The value of GM stock decreased during the August 19th, 2019 – August 23rd, 2019 timeframe. Shares closed the week at $36.06 per share, which represents a decrease of $0.94 per share, or over 2 percent, compared to last week’s closing value of $37.00.
Movements in GM stock value for the week were as follows:
- Monday, August 19th: GM stock opened the day (and the week) at $37.51 and closed at $37.36
- Tuesday, August 20th: opened at $37.20 and closed at $36.96
- Wednesday, August 21st: opened at $37.36 and closed at $37.12
- Thursday, August 22nd: GM stock opened at $37.25 and closed at $37.26
- Friday, August 23rd: General Motors stock opened at $36.58 and fell to $36.06 at market close
This decrease marks the fourth consecutive week of declines for GM stock, and follows a jump in value following GM’s Q2 2019 earnings, wherein the automaker outperformed expectations.

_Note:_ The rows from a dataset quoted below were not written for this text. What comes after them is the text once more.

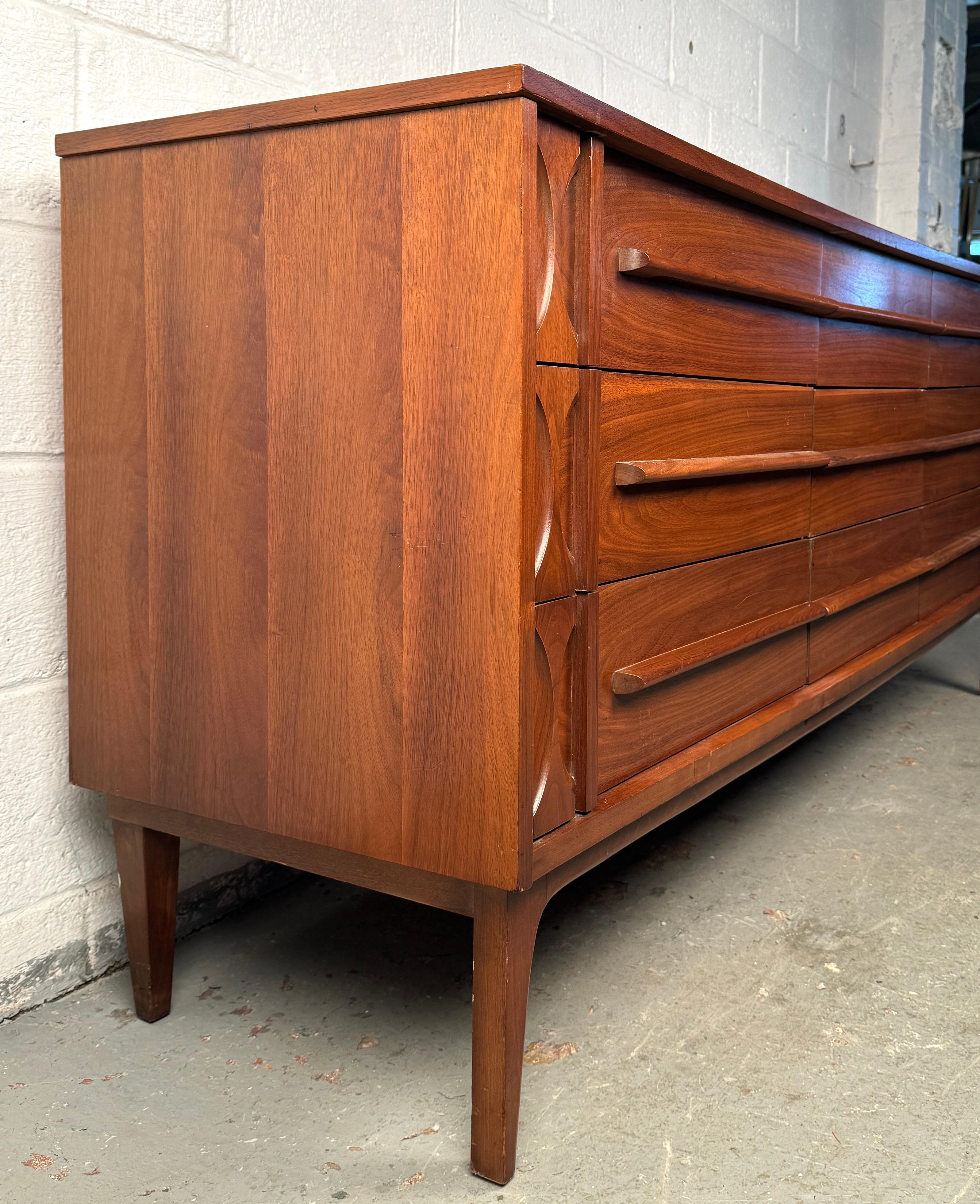 Mid-Century Modern Neun Schubladen Kommode (Holz) im Angebot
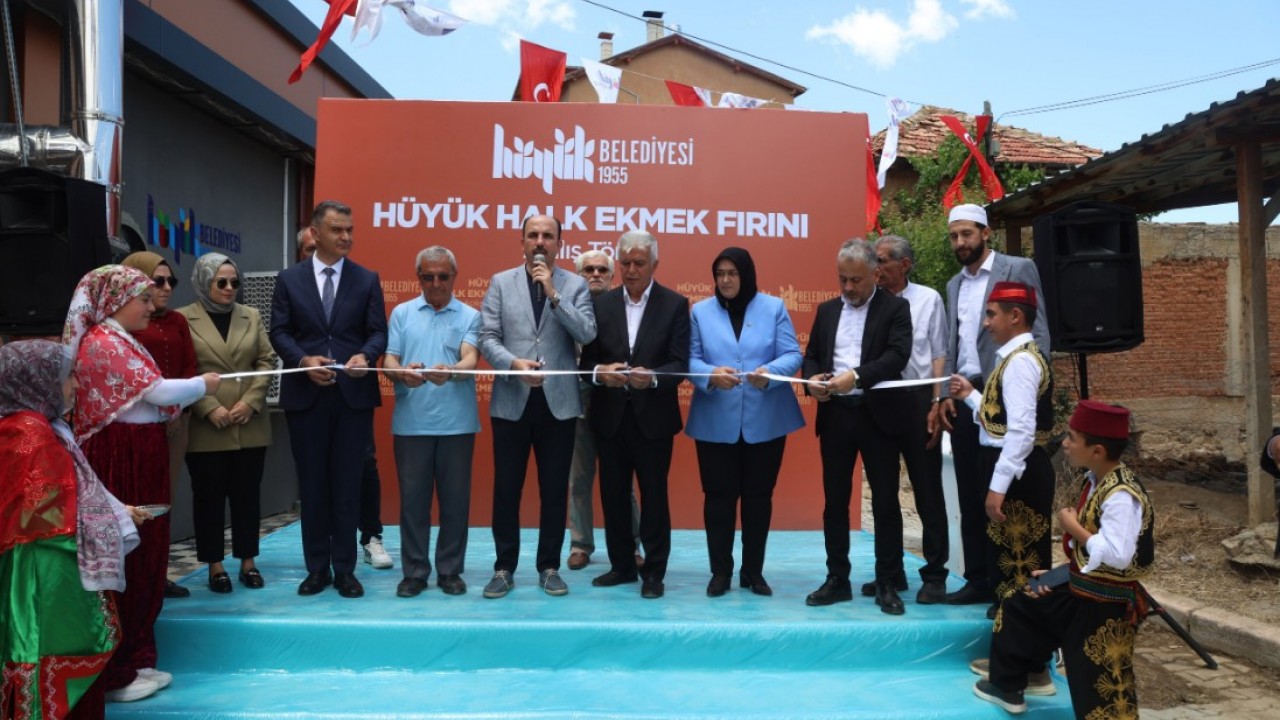 Başkan Altay, Hüyük ve Derbent'te vatandaşlarla buluştu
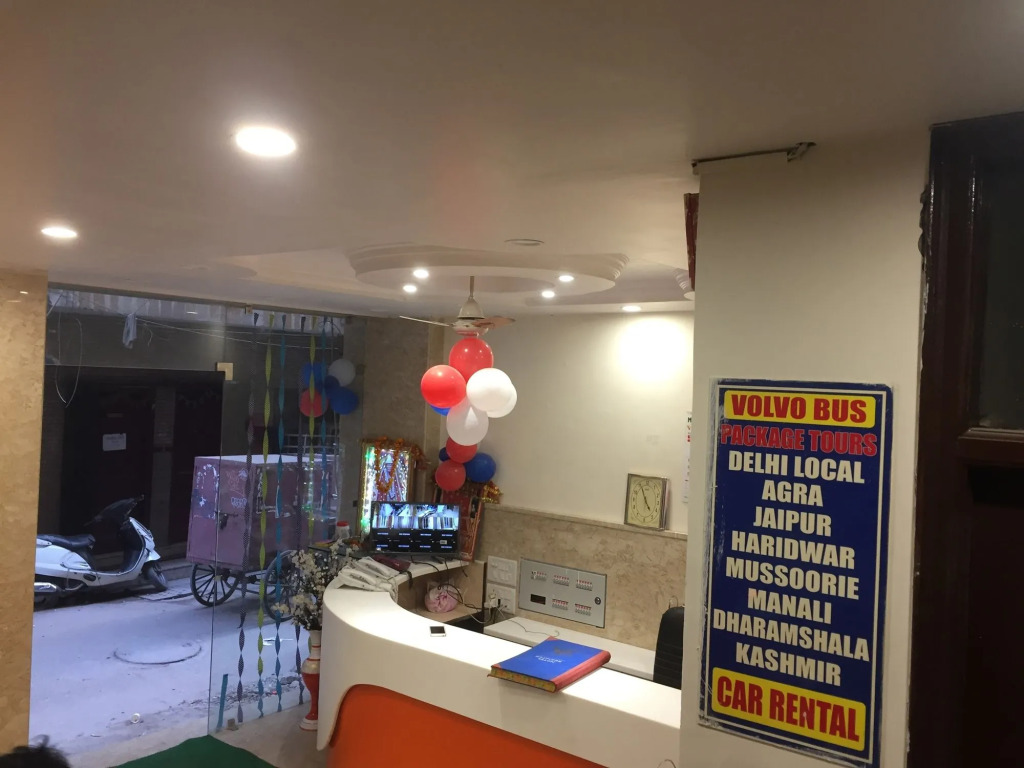 Hotel Tushar Continental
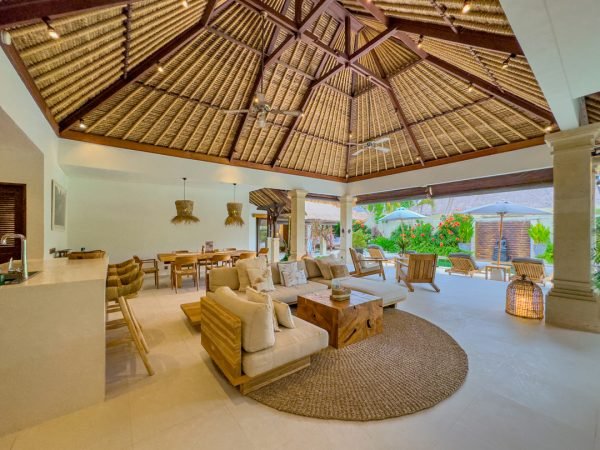 Villa-Olive-Living-Room-5-1.jpg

The decrease this week is believed to be related to warning signs of an economic slowdown, along with the ongoing trade war with China.
By comparison, shares of GM’s cross-town rival, the Ford Motor Company, also fell 2 percent, or $0.19 per share, this week.
Over the last few years, GM has taken many steps to increase the value of its stock, including exiting markets where it can’t find ways to turn a profit (such as Europe, South Africa, and India), closing plants in various parts of the world, divesting loss-making divisions (such as Opel-Vauxhall), making adjustments to its business model in order to prioritize profitability over chasing market share goals, focusing on its Cadillac luxury brand to increase its share of high-profit automobiles, investing heavily into new-age mobility ventures such as electric vehicles and autonomous driving tech, while discontinuing some sedans (Cruze, Impala, LaCrosse, XTS) to focus on more profitable crossovers, SUVs, and pickup trucks.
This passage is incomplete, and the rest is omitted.